Each case which comes to L.E.A.N. is unique, and the community now knows how we roll…..together. Through unfailing love, hard work, donations of time or money, every horse is given at least safety….and eventually, hope. Some pass on having arrived too late to be saved, but knowing at the last the comfort of a soft voice and soothing stroke. Some linger months or years in the program, waiting for the right person to find them and bring them home. Many are fortunate enough to have left all remembrance of uncertainty behind, and have moved into the hearts and arms of a new family.
There are always more, always too many, needing nothing more than time and space to find their second chance…but sadly, there is never enough room for all. In the daily press to keep fosters supplied, adopters intrigued, and supporters interested, there is seldom time for reflection. But periodically, a photo or phone call brings an update from a past adoption… sometimes happy, sometimes sad. Our dear donkey Harriett, one of the most severe hoof neglect cases we’ve seen, passed on to golden pastures last month after two years with the Sutphin’s, the most loving, perfect donkey home she could have ever wanted. A piece of our hearts goes with her, and we will miss her family’s photos and updates.
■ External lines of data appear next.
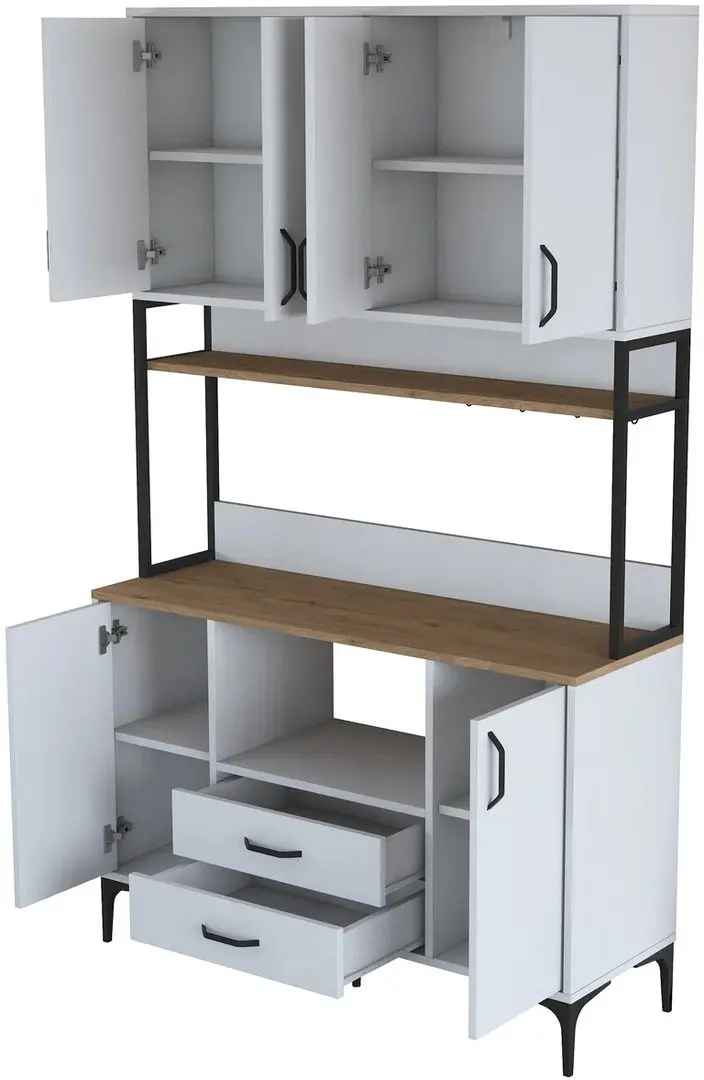 Bufet Mirage Meble JE169 (White/Walnut)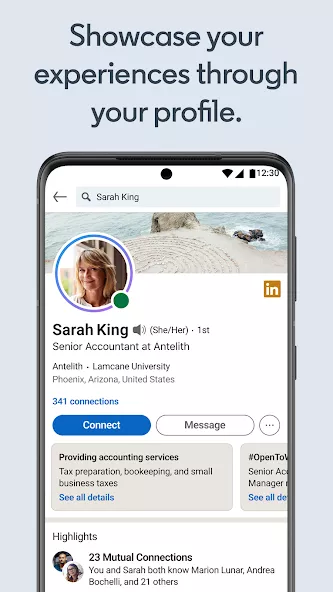LinkedIn screenshot 4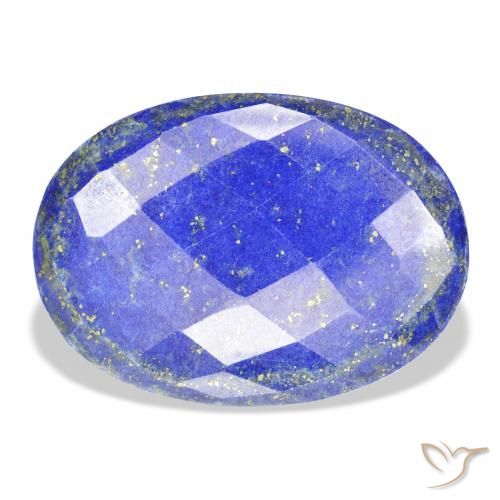 51.42ct Natural Azul claro Lapislázuli, Ovalada, Opaco
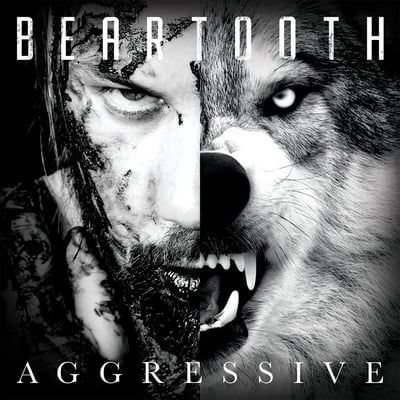 Beartooth - Aggressive (Red Bull Records, RBR0425VL) • LP • Clear w/ Black Swirl, 180 Gram • Limited Edition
Our big beautiful draft cross, Fortunato, struggled over the summer with a neuromuscular disorder suspected as a common draft breed illness known as “shivers”. He was down too often and the worst was feared, but owner Sean McCarthy never gave up and worked diligently with Desert Pines’ doctors. Slowly through diet, treatments, and acupuncture, Fortunato has made a 90% recovery and he is blissful once again with beautiful barnmate, Sedona. Another update was received from one of LEAN’s earliest placements, the Maurer family who adopted “Charlie” (now “Jake Suede”) in the Fall of 2012. Shown enjoying the trails at Duck Creek with ten-year old Tessa aboard, this Tennessee Walker is both solid and stunning.
No rescue recap at LEAN is complete without mention of our most famous recovery, thoroughbred Captain Jack Sparrow. Dozens of hands and hearts helped to carry this horse, who was mere hours from euthanasia with a career-ending hoof puncture coupled with malnutrition from abandonment. Defying all odds of returning to a normal life, this ex-racehorse is back in the winner’s circle. In September, owner Sarah Layton took Captain Jack to the NSHA All Breed Horse Show at Horseman’s Park and came home with two first place ribbons, a second and a third. Every person who has followed Jack’s story over the years no doubt felt a little leap in their heart when they saw Jack’s happy face adorned with ribbons.
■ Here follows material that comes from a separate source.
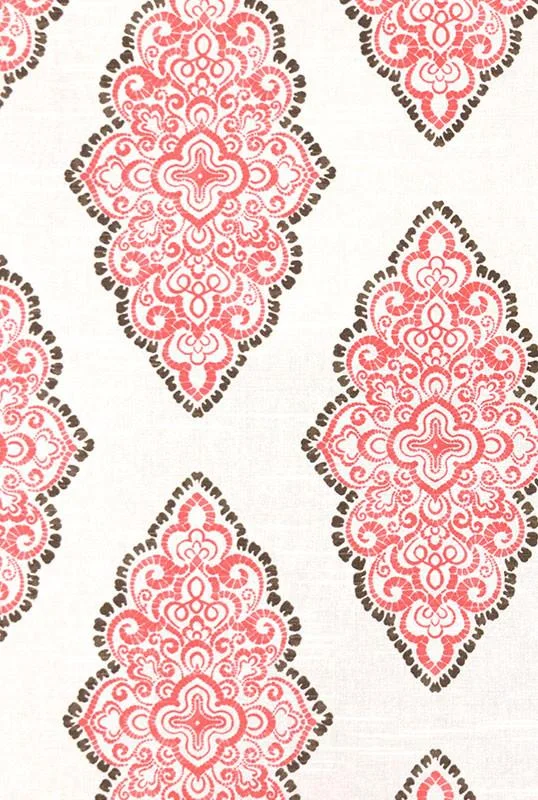 Round Pillows for Boho-Style InteriorsMedallion Coral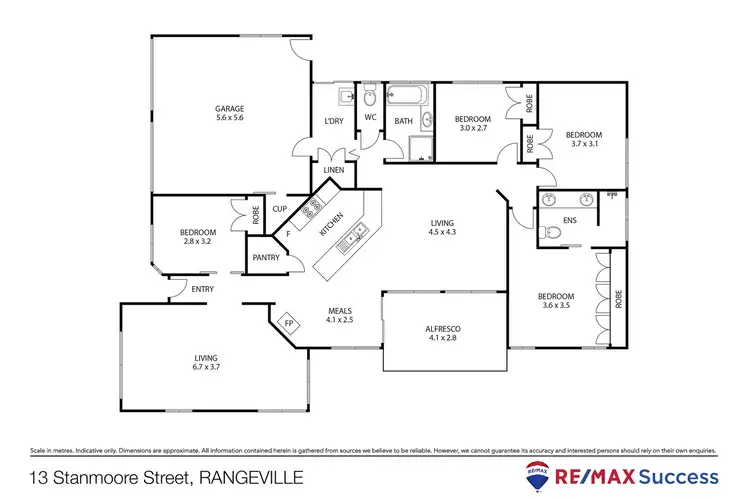Floorplan of Homely house listing, 13 Stanmoore Street, Rangeville QLD 4350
So why a rescue horse? Perhaps the question is better asked….Why not? There are great horses and donkeys everywhere; our world is blessedly abundant with wonderful animals without whom I could not imagine life. It is not that any particular one is worth more than another when it comes to feeling their love. But there is something about a rescue animal, an X-factor that is truly palpable, when this life which all others had given up on gazes deep into your eyes and suddenly you realize…it is you who have been saved.